Should a subscriber be given the option to make partial withdrawals from a pension plan? The EPFO always allowed it. That is how mom and dad funded my education! Which, many argue is the main reason why retirees do not have much of a corpus to speak of!
Now the pension fund regulatory and development authority which manages the NPS has allowed partial withdrawals from a tier 1 account.
Now an NPS subscriber can withdraw up to 25% from his own contributions after subscribing for 10 years. Three withdrawals can be made with a spacing of 5 years for:
Extract from gazette
(a) for Higher education of his or her children including a legally adopted child
(b) for the marriage of his or her children, including a legally adopted child;
(c) for the purchase or construction of a residential house or flat in his or her own name or in a joint name with his or her legally wedded spouse.
(d) for treatment of specified illnesses: if the subscriber, his legally wedded spouse, children, including a legally adopted child or dependent parents suffer from any specified illness, which shall comprise of hospitalization and treatment in respect of the following diseases:
- Kidney Failure (End Stage Renal Failure);
- Primary Pulmonary Arterial Hypertension;
- Multiple Sclerosis;
- Major Organ Transplant;
- Coronary Artery Bypass Graft;
- Aorta Graft Surgery;
- Heart Valve Surgery;
- Myocardial Infarction
- Total blindness;
- Accident of serious/ life threatening nature.

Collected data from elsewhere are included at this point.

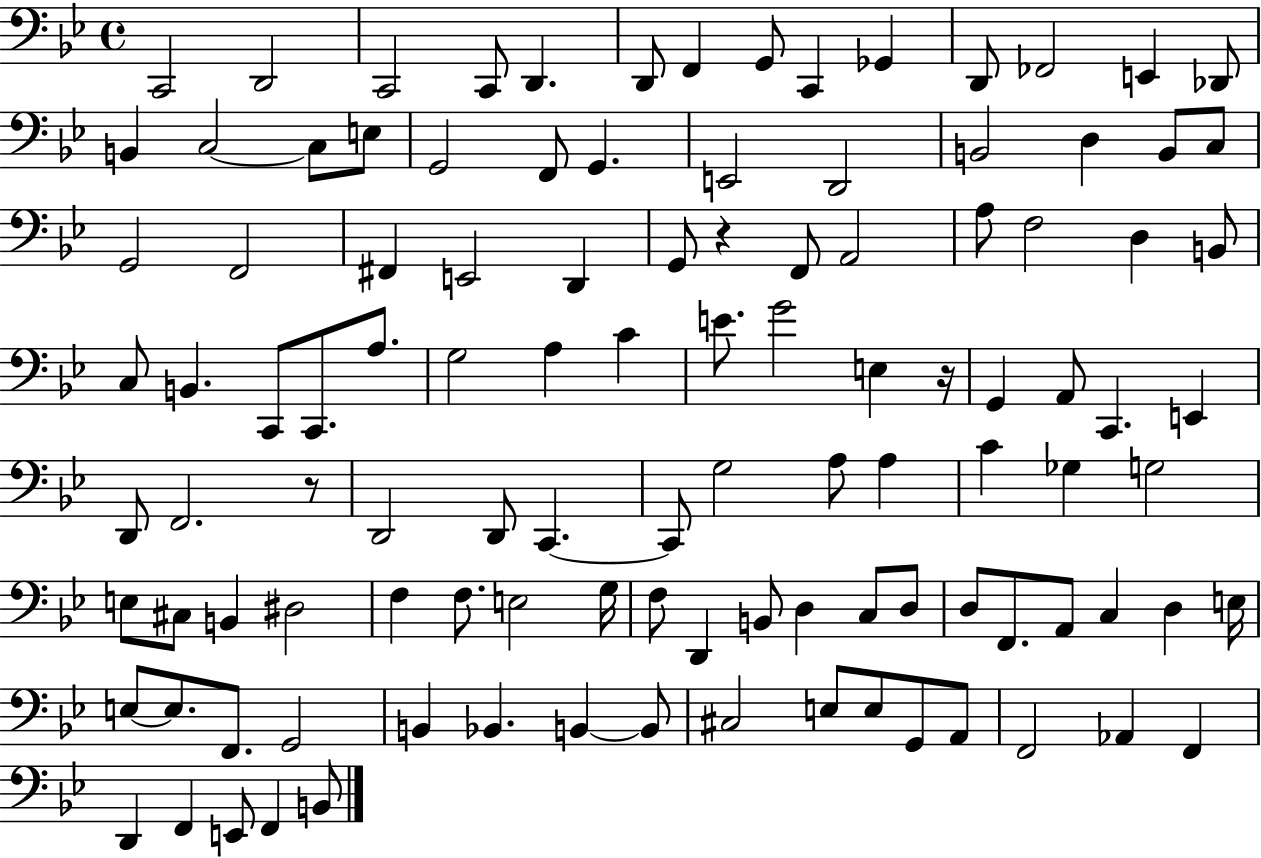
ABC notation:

X:1
T:Untitled
M:4/4
L:1/4
K:Bb
C,,2 D,,2 C,,2 C,,/2 D,, D,,/2 F,, G,,/2 C,, _G,, D,,/2 _F,,2 E,, _D,,/2 B,, C,2 C,/2 E,/2 G,,2 F,,/2 G,, E,,2 D,,2 B,,2 D, B,,/2 C,/2 G,,2 F,,2 ^F,, E,,2 D,, G,,/2 z F,,/2 A,,2 A,/2 F,2 D, B,,/2 C,/2 B,, C,,/2 C,,/2 A,/2 G,2 A, C E/2 G2 E, z/4 G,, A,,/2 C,, E,, D,,/2 F,,2 z/2 D,,2 D,,/2 C,, C,,/2 G,2 A,/2 A, C _G, G,2 E,/2 ^C,/2 B,, ^D,2 F, F,/2 E,2 G,/4 F,/2 D,, B,,/2 D, C,/2 D,/2 D,/2 F,,/2 A,,/2 C, D, E,/4 E,/2 E,/2 F,,/2 G,,2 B,, _B,, B,, B,,/2 ^C,2 E,/2 E,/2 G,,/2 A,,/2 F,,2 _A,, F,, D,, F,, E,,/2 F,, B,,/2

- Any other critical illness of a life-threatening nature as stipulated in the circulars, guidelines or notifications issued by the Authority from time to time.

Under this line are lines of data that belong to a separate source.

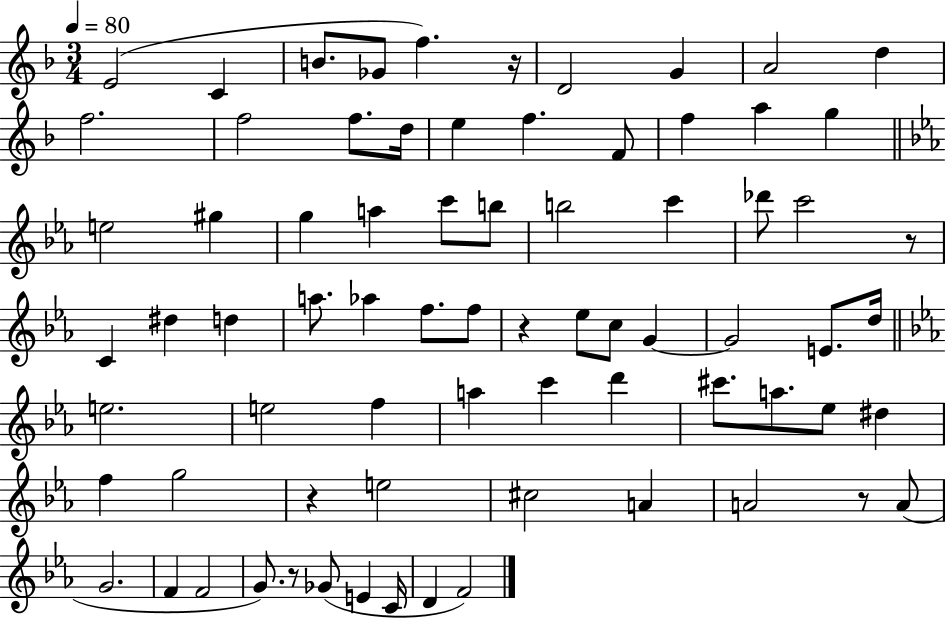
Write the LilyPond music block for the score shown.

{
  \clef treble
  \numericTimeSignature
  \time 3/4
  \key f \major
  \tempo 4 = 80
  e'2( c'4 | b'8. ges'8 f''4.) r16 | d'2 g'4 | a'2 d''4 | \break f''2. | f''2 f''8. d''16 | e''4 f''4. f'8 | f''4 a''4 g''4 | \break \bar "||" \break \key c \minor e''2 gis''4 | g''4 a''4 c'''8 b''8 | b''2 c'''4 | des'''8 c'''2 r8 | \break c'4 dis''4 d''4 | a''8. aes''4 f''8. f''8 | r4 ees''8 c''8 g'4~~ | g'2 e'8. d''16 | \break \bar "||" \break \key c \minor e''2. | e''2 f''4 | a''4 c'''4 d'''4 | cis'''8. a''8. ees''8 dis''4 | \break f''4 g''2 | r4 e''2 | cis''2 a'4 | a'2 r8 a'8( | \break g'2. | f'4 f'2 | g'8.) r8 ges'8( e'4 c'16 | d'4 f'2) | \break \bar "|."
}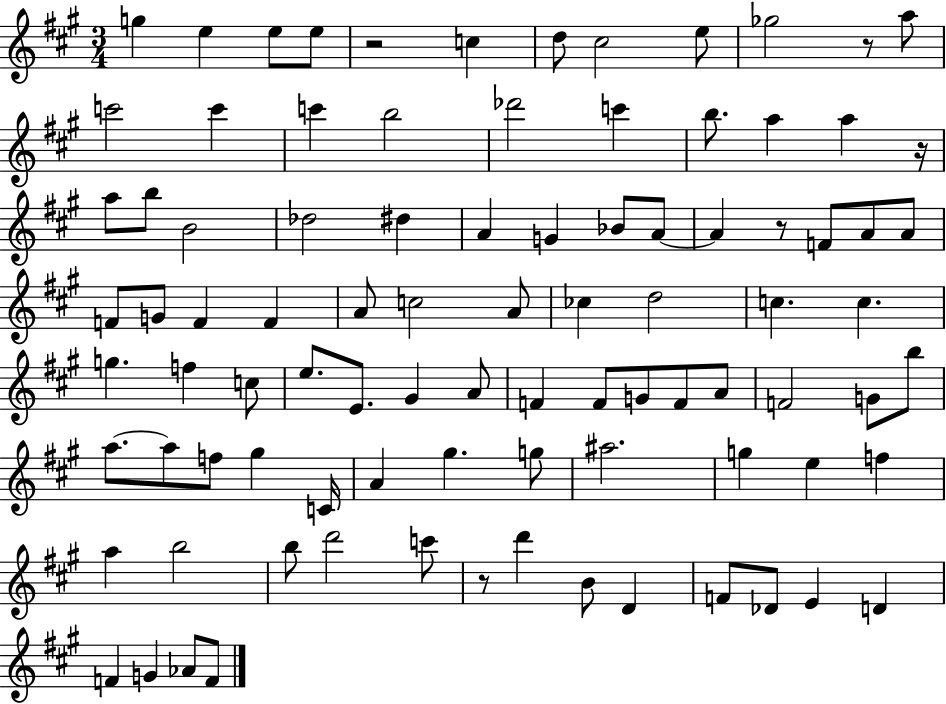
G5/q E5/q E5/e E5/e R/h C5/q D5/e C#5/h E5/e Gb5/h R/e A5/e C6/h C6/q C6/q B5/h Db6/h C6/q B5/e. A5/q A5/q R/s A5/e B5/e B4/h Db5/h D#5/q A4/q G4/q Bb4/e A4/e A4/q R/e F4/e A4/e A4/e F4/e G4/e F4/q F4/q A4/e C5/h A4/e CES5/q D5/h C5/q. C5/q. G5/q. F5/q C5/e E5/e. E4/e. G#4/q A4/e F4/q F4/e G4/e F4/e A4/e F4/h G4/e B5/e A5/e. A5/e F5/e G#5/q C4/s A4/q G#5/q. G5/e A#5/h. G5/q E5/q F5/q A5/q B5/h B5/e D6/h C6/e R/e D6/q B4/e D4/q F4/e Db4/e E4/q D4/q F4/q G4/q Ab4/e F4/e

Think twice before hitting the debit button! Photo credit: gotdebit.com
So should such partial withdrawals be allowed?
Yes, but ….
No product should lock an investors money forever. That is plain wrong. Even the PPF allows decent partial withdrawals. I think the allowed NPS withdrawal limit is quite small!
The biggest enemy for compounding is the investor’s behaviour. Interrupting corpus creation with repeated withdrawals can have a huge impact on its final value and financial independence in retirement.
However, while it is possible to plan ahead and avoid certain withdrawals, like for children’s education or marriage, nothing can be done about emergencies.
As mentioned in point (d) above, if we or our dear ones are seriously ill, withdrawals are inevitable.
It is precisely to combat for such uncertainties, a pension fund should freely allow withdrawals.
However, the pension authority does not need to need to make a song and dance about it as above.
There is no need to limit withdrawals for a particular set of reasons.
If my kid gets into trouble with a loan shark, call me emotional, but I will not hesitate to withdraw from my corpus.
The point is, emergencies and exigencies in life are innumerable.
While it is good to know that part of the NPS corpus will serve as critical illness insurance, the government is sending a bad message by explicitly naming conditions for withdrawals.
Instead, it should allow at least 50% withdrawal without conditions but with a statutory warning that
“repeated withdrawals will be injurious to financial health in retirement”. Something like that with an illustration. I have a visual tool for this but forgot its name!
Subscribers, especially young ones, via frequent awareness camps should be urged to independently plan for certain financial expenses in future (children’s education, marriage etc.). That is the right way to combat withdrawals. Not by imposing limitations.